Welcome to the new series, In Quest of My Oasis at Inspirations and Creative Thoughts. This hopefully will turn out to be short dialogues with seekers & lovers of Sufi path. The Mystic Master Prophet Muhammad said, "at-turuqu ila 'Llahi ka-nufusi bani Adam", 'the ways to God are as numerous as the human souls'. The Quran states in the verse 2:148, "And for everyone there is a direction towards which one turn." The reason it is titled as 'My Oasis' because this will be, God willing, about inspiring personal, individual journey to the Goal.

An oasis is a lush green garden in a desert or wasteland. Here Oasis symbolizes both the sufi journey and the path. In the arid desert the oasis carries the water of life, spring gushes up from the heart of the earth that delights the soul. Rumi has hints for us:

Search, no matter what situation you are in.
O thirsty one, search for water constantly.
Finally, the time will come when you will reach
the spring.

In this series we wish to engage with contemporary seekers who are drawn to that Quest. We hope to know them, connect with them, share their beautiful journey in the spirit of what sufis call Sohbet. The first episode of In Quest of My Oasis is blessed by the presence of Amatullah Jyly Armstrong, may Beloved's graceful glace be upon her heart. Amatullah presently resides in South Africa and she frequents Zawiya Ebrahim for her access to the Oasis.

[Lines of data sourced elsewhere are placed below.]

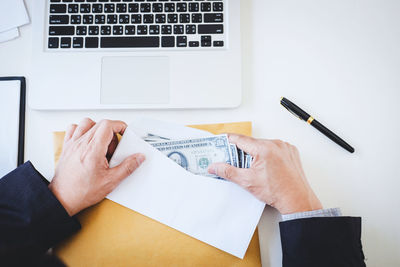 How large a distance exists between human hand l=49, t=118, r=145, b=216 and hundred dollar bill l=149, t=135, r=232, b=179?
0.27 ft

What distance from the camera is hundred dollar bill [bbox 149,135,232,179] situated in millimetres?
567

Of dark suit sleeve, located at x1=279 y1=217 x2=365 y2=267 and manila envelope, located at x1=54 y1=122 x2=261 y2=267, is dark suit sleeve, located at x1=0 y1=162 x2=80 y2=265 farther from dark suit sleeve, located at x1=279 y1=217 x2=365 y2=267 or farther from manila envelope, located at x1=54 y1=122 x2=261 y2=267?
dark suit sleeve, located at x1=279 y1=217 x2=365 y2=267

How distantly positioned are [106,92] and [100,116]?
0.20 ft

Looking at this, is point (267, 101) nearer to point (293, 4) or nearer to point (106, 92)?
point (293, 4)

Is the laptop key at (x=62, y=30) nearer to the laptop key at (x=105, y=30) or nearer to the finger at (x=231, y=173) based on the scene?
the laptop key at (x=105, y=30)

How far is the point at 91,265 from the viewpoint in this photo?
532 mm

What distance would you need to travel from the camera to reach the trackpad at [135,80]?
23.5 inches

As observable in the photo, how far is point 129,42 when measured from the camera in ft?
1.99

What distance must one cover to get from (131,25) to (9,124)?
0.36 meters

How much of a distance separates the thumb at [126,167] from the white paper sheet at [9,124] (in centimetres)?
26

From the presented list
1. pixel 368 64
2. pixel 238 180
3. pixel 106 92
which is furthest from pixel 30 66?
pixel 368 64

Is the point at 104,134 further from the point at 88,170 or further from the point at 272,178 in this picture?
the point at 272,178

Amatullah Armstrong sitting
Even though it’s the most illusive question for this human existence and its journey, but let us do Bismillah with this question. Who is Amatullah J. Armstrong?

Good question!! I don’t know who she is!

However, a nutshell version of who Amatullah J Armstrong is. I am Australian. Born in Sydney into a Christian family. Normal childhood, sprinkled with a dash of the poetry of Omar Khayyam whom my father always recited and loved: a lasting influence on me although it lay dormant for many years. Immersed in the hippie generation of the 60s and 70s. Trained as an Art Teacher. Married an artist, lived on our farm in northern NSW, Australia and then started travelling throughout the world, living for several years in France. Studied yoga, Zen, Essene practices. In 1981 undertook a monumental 5000km bicycle journey from Paris to Tunisia, where I initially encountered Islam. After two years of intense research into Islam and Sufism I embraced Islam in the Sahara Desert in Algeria. Entered my first Sufi tariqa in 1990 – a branch of Shadhiliyya. Wrote several books on my personal experience of the Sufi journey. Performed Haj in 1997. Lived in Pakistan 1998-2008, where I connected to Chishti tariqa. Came to live at Zawia Ebrahim in South Africa in 2008. Connected to Shadhiliyya/Darqawi tariqa through Shaykh Ebrahim Schuitema.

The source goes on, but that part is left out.